Level 16 (2,334 Credits)
This question is closed.
Answers (8)
  • I was running out of room and tried to include everything in my first post, but I wanted to mention that he can be very destructive at times and has even began peeing in his pants again. He has been fully potty trained since June, and pees in his pants more than I think he actually makes it to the potty during the day...
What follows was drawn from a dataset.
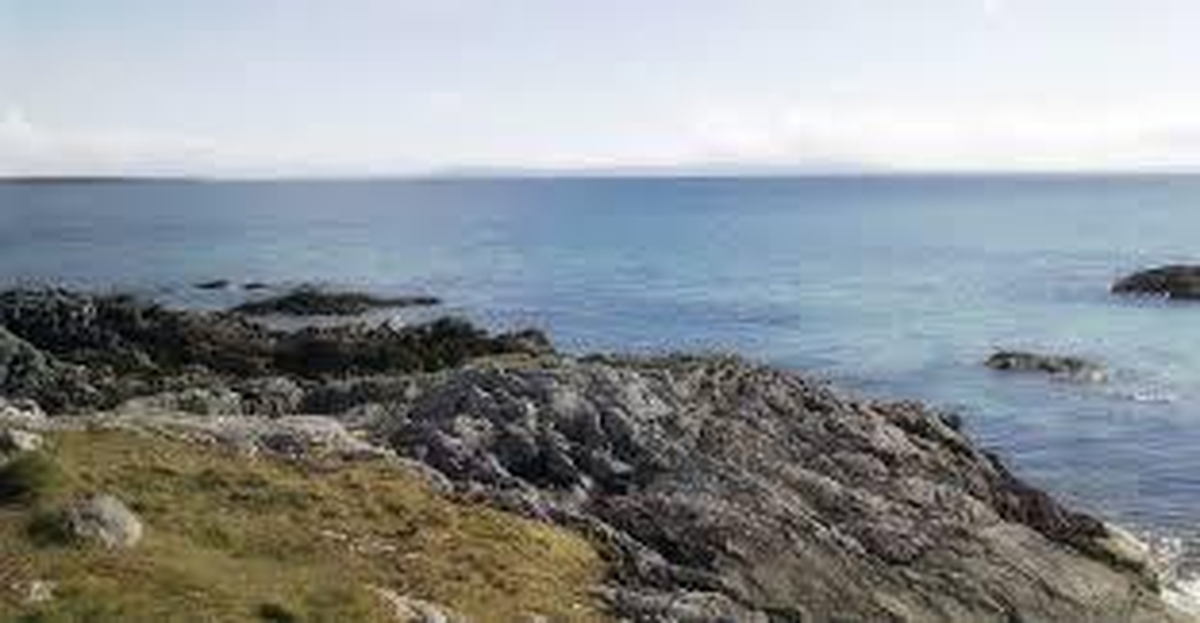 Donncha Ó hÉallaithe, Rúnaí Foram Pleanála Teanga Chois Fharraige.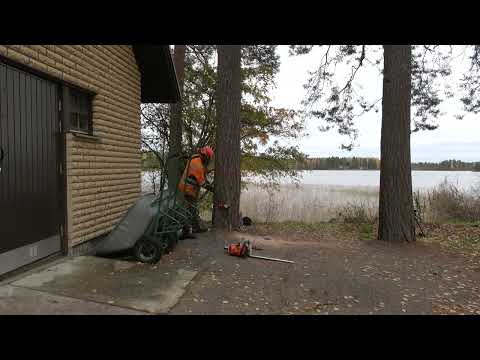 Metsolan Metsäkoulu 301 - Konkelon purku helposti napatekniikalla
    I could really use any advise or support you all are willing to offer!
    MichaelsMom330

    Comment by MichaelsMom330 (original poster) at 6:27 PM on Oct. 30, 2010

  • I'm going to address your bond with him first, since you mentioned it first. I think you need to spend more one-on-one time with him. Play with him without his brother. Also, have dad spend time with each boy alone. Think of things your ds loves to do with you and do those things. Have him help you bake cookies or a cake or dinner or anything, spending time just with him and explaining that he can do those things because he's bigger.
    He may not feel the attachment with you that he craves, as you are not feeling it with him. He can't reason that out yet and is doing things to get your attention. Try to do all the positive things that you can, "catch him" being good and praise and hug him. You both need your bond back.
    JMHO, Good luck.
    kjrn79

    Answer by kjrn79 at 6:28 PM on Oct. 30, 2010

  • Maybe he is acting up because it at least gets your attention. maybe he feels that if he gets in trouble or aggravates you that he gets your full attention? Have you taken any time to spend with only him?
    How about taking a couple of hours each week where you spend time with only him and not both kids?
    Jademom07

    Answer by Jademom07 at 6:28 PM on Oct. 30, 2010

  • He needs special "mommy time". I did this when my second son was born and it helped our transition. He just needs to know that you have not forgotten him - which of course you haven't. It really is normal, don't worry. He'll get over it and the boys will be best friends!

    Mommee42boyz

    Answer by Mommee42boyz at 6:42 PM on Oct. 30, 2010

  • I must say it is hard to balance 2 children. You have to find time to spend with both children one-on-one so they feel like they are getting equal amounts of attention. Also, if you are always yelling at your older child and never praising them then the think the only way to get your attention is to do something bad, so you will talk with them. Also try to make things fun, I know for us we would let the kids play with the pots and pans. I would also try and ask him how he feels, I know he is young, although he should be able to hold somewhat of a conversation. Listen to what he has to say and see if he can tell you what he is feeling.

    Instead of always punishing him try praising him for the good things he is doing. Try and set up some system so he can earn rewards, like maybe a sticker calendar. They worked great for my kids.

    Good Luck!
    cornflakegirl3

    Answer by cornflakegirl3 at 6:51 PM on Oct. 30, 2010

  • Agree with other posters. Lots of times kids go for the negative attention when they do not get enough positive attention plus praise when they do things right. GL!!
    elizabr

    Answer by elizabr at 7:05 PM on Oct. 30, 2010

  • I have to thank all of you for the replies so far!! I was afraid I was going to be told I was a bad mom and that's why my son is acting out like this. I know that I am not perfect by any means, and it really helped that you all gave suggestions and offered ideas for why he might be acting like this.

    I was so desperate the other day that I got on the Super Nanny website and found a rewards chart, called the Ticket Store Game. They earn tickets for every time they do something you ask, and once they earn so many tickets, you take them out to do something fun. I bought it for $30 with tax, and can't wait to receive it! I'm hoping it helps. I will also be making sure that I plan quality time with JUST him as I really want that bond back :)

    Thank you all again so much, and I look forward to more responses!
    MichaelsMom330

    Comment by MichaelsMom330 (original poster) at 7:25 PM on Oct. 30, 2010

  • You are right on track with that chart you purchased. I hope he likes it. Keep smiling Mom. Best wishes.